Antara, Jakarta – Indonesia aims to reduce the deficit in bilateral trade with Saudi Arabia, which became its major trade partner last year, amid huge reliance on oil imports from the Kingdom, Trade Minister Zulkifli Hasan said on Sunday.
The bilateral trade volume was valued at around $7 billion last year, with a deficit of $3 billion on the Indonesian side, according to Trade Ministry data.
However, when oil imports were excluded, Indonesia has a surplus of $1 billion in its two-way trade with Saudi Arabia.
"In my opinion, there is still room to boost the bilateral trade volume. On our side, we can increase the exports of goods needed by Saudi Arabia such as footwear, processed food, paper, plywood, and other consumer products," Zulkifli said in a statement following a meeting with his Saudi counterpart Majid bin Abdullah Al-Qasabi in Riyadh on Sunday.

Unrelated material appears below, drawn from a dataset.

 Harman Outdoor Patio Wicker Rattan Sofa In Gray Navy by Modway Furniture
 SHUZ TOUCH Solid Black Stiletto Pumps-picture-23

During the three-day visit until Monday, Zulkifli also revealed the government's plan to open a modern retail shop in the kingdom to promote products from Indonesian small and medium enterprises.
Saudi Arabia is Indonesia's eighth-biggest export destination for processed food such as canned tuna, instant noodles, chili sauces, ketchup, and biscuits.
During the meeting, Majid agreed to boost the bilateral trade volume with Indonesia in line with the directive from Crown Prince Mohammed bin Salman, who is also the Saudi prime minister.
"The friendship between Saudi Arabia and Indonesia is a very important asset that should translate into mutually beneficial economic ties for the two countries. We feel shame that we haven't optimized cooperation with Indonesia but we will make improvements in the future," Majid was quoted as saying in the statement.
Saudi Arabia is also a strategic partner for Indonesia's ambition to become the global hub of halal products.